成績低迷 課題は山積
あっという間に2学期が終わってしまいました。
反抗期というよりも、むしろ本人の普段のペース配分と勉強以外の仕事の多さ、楽観さのせいで、ろくに勉強時間を作れなかった息子の成績は順当に下がっています。
毎日言い続けたところで刺激がないので、今年度しばらくは静観していました。
2学期始め頃から少し刺激するようにしていましたが、なかなか思うようにいかず。
その原因は、やはりやりたいことが多すぎることもありましたが、その一定時間での処理能力が低いことでした。
過去記事でも書きましたが、キクタンという英単語集を毎日の課題にしていますが、本人はフルモードでじっくりやりたい派。
だけど、そもそも時間を作らないから結局いくらもやらない。
それならCD聞かなくてもいいから、とにかく単語を進めなさいということで大揉めになる次第。言われて従うのが嫌だから自分流できちんとやるという意地もないふがいなさ。賢くないとがっかり。
それでもなんだかんだ声をかけながらやっていますが、やはり本人に任せていると完成度がとても低い。
それで、しつこいほど同じ単語を何回も口頭で出してやって、いい加減覚えたよ!という状態にして終わらせる。といってもそう時間はかかっていない。
「どう? 今は覚えたよね。ここまでやって終えないと(一回みた程度では)覚えたことにならないよ。」
「この課題を終わらせる目的はなに? 単語を覚えることでしょう? とりあえずやったけど覚えてないんじゃ意味ないんだよ。」
と、今までいろいろな中学生に言ってきたことを繰り返す。
でも、他の子と違って我が子は聞く耳を簡単に持ってはくれないのです。
それで、いろいろ読みつついいと思ったところは抜粋して音読して聞かせています。
和田秀樹が灘で成績下位から上がった勉強法は?
→数学でみて解けない問題はさっさと答えをみて、あとは繰り返す。
対する息子:解けない〜といって何十分。
→その間にたくさん解いて、たくさん復習したほうが効率的じゃない?
そんなことを何度も話しています。すぐ忘れるので。
そろそろ学校生活楽しんでいればいいよ、と笑ってるわけにもいかないので、終業式後は家族会議でした。
少しずつ説いてきた成果か、前ははなから
「わかってるよ。やってるよ(やってない)。やろうと思ってるよ。」
だったのが、彼にしては珍しく「そうだね。」と聞くようになってきました。
ただ、私も夫も息子に今からガリガリと勉強ばかりしてほしいわけではありません。
課外活動や友達との遊び、部活動などいろいろやってほしい。だからこその効率的な勉強法を習得してほしいのです。
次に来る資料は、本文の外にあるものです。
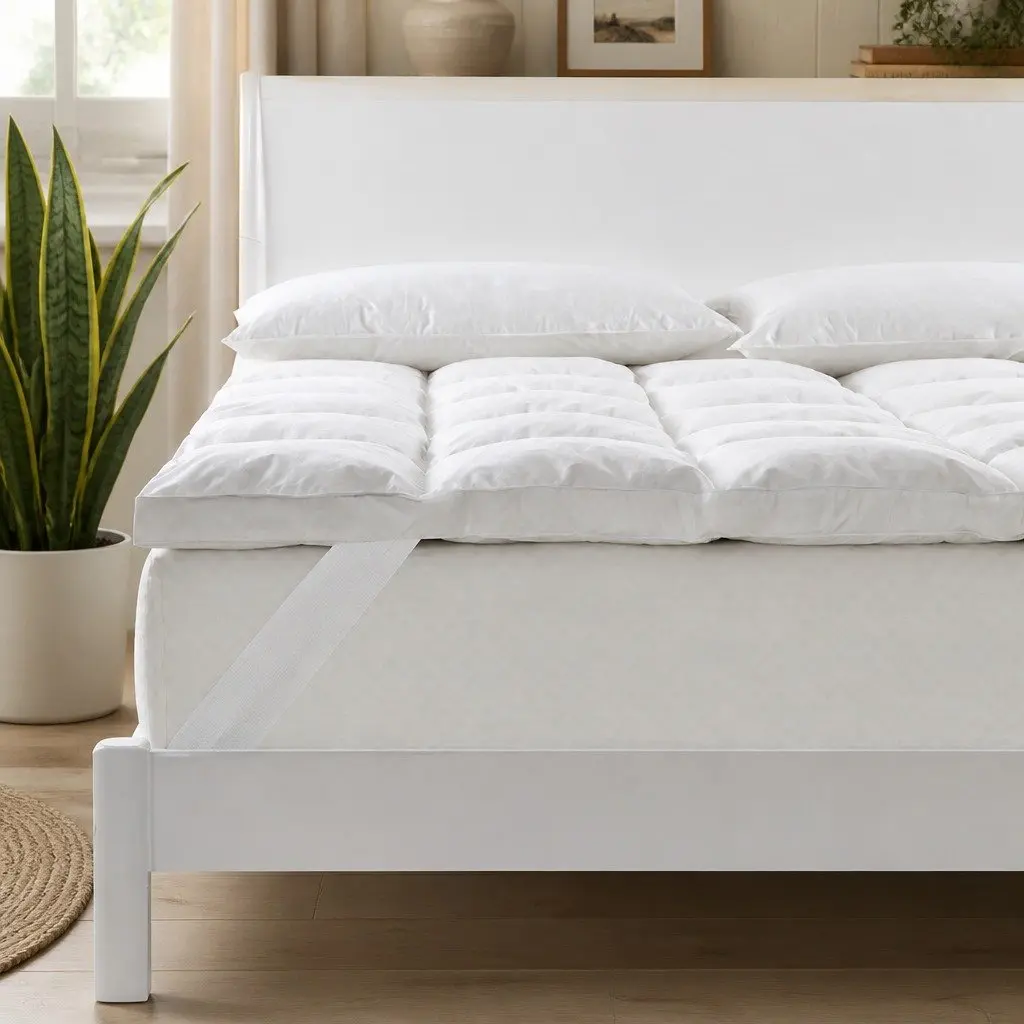 Duck Feather Down Mattress Topper Single 1800GSM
口で言っても親のいうことはありがたみがないようなので、改めて本を買ってみました。
本人に読ませようと思っています。
最新脳科学が教える高校生の勉強法
脳科学の観点で勉強法を語っている本です。
私もよく忘却曲線などの話をする通り、いつどんな風に勉強するかで効果に大きな違いがあることを実感しています。
1章 記憶の正体をみる
海馬は生きるのに大事なことを覚える、すなわち勉強はたいして大事ではないと判断しているから覚えにくい、脳は忘れることが得意(忘れることの大事さも)、覚えるためには繰り返しやるしかないという冒頭の内容に「やっぱりそうかー。」と思いつつ、そうであることを息子に認識してほしい、とも思うのです。
ただ、その覚え方にコツがあるよ、ということでうまく海馬にこれは生きるのに大事なことであると勘違いさせなくてはならない。
2章 脳のうまいダマし方
どうダマしてうまいこと覚えさせるかについていろいろ。
忘却曲線を意識した復習のタイミングやバイオリズムに合わせた勉強に取り組む時間について。
さらに、学習したことがしばらくしてより理解が深まるというレミニセンス効果について。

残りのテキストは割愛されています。